Rocket Man: Robert H. Goddard and the Birth of the Space Age, by David A. Clary. Hyperion. 368 pages. $24.95.
It's tempting, when retelling the story of the pioneers of modern science, to portray them as prescient, dedicated in the face of doubters, beloved by their peers and selfless in the pursuit of knowledge.
Not long after word got out about his first rocket experiments in a Massachusetts farm field, Americans began to regard Robert H. Goddard as such a pioneer. Sensational press coverage, which he scarcely discouraged, had people around the world anticipating that a moon shot was imminent in the 1920s. And the attention rarely waned.
After World War II, through the dogged efforts of his widow and friends, he was enshrined in the public mind as the father of rocketry and of all the Cold War missiles, artificial satellites and space exploration that rockets made possible. His place is officially acknowledged at NASA's Goddard Space Flight Center, in Greenbelt.
But his real accomplishments lagged behind the public imagination, and in his new book on Goddard, David A. Clary applies a valuable reality check. While acknowledging Goddard's many engineering firsts, Clary, a former government historian who also writes on military and scientific topics, provides an unflinching assessment of the man's human and scientific shortcomings.
For example, Goddard was the first to demonstrate that a rocket could produce thrust in the vacuum of space. He also built and flew the first liquid-fueled rocket, the first with guidance systems, turbopumps and clustered engines - all key to today's launch systems.

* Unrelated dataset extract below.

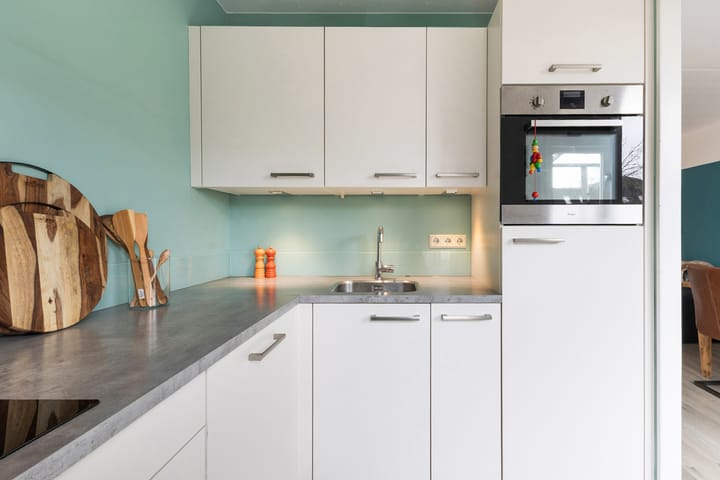 Foto 13 van Kesterenlaan 59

But Clary makes clear that rocketry had other parents working hard on parallel tracks in Russia and in Nazi Germany. Nazi rocketeers were later enlisted as co-founders of America's missile and space programs.

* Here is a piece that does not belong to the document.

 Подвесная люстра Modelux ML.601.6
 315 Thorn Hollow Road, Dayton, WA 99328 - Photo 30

Goddard was often his own worst enemy: stubborn, disorganized, egotistical, too slow to abandon a failed concept and too quick to put his own financial security first. Most unforgivably, he jealously refused to share all that he was learning with others the government enlisted in the effort, breaking one of the first rules of scientific research.
In the end, Goddard never launched a rocket that flew more than 9,000 feet high, and the Nazis won the race to turn the technology into weaponry.
The best parts of Clary's thorough, occasionally tedious account are those that deal most directly with this endearing, if exasperating, genius, whose single-minded optimism defied a seemingly endless series of fizzles and explosions.
Goddard was steeped in the works of H.G. Wells and Jules Verne, and he wrote with almost childlike imagination about multistage rockets, solar power, ion-propulsion, multiple warheads, suspended animation for lengthy voyages and the advantages of liquid hydrogen and liquid oxygen as fuels, all before World War I.
Clary's book bogs down too often in his exhaustive recounting of the campus politics and bureaucratic wrangles over grants and government contracts that plagued our hero.
But then, that's a reality that today's would-be scientific pioneers may find hauntingly familiar.
Frank D. Roylance, a Sun science reporter, has written about space and astronomy for more than a decade.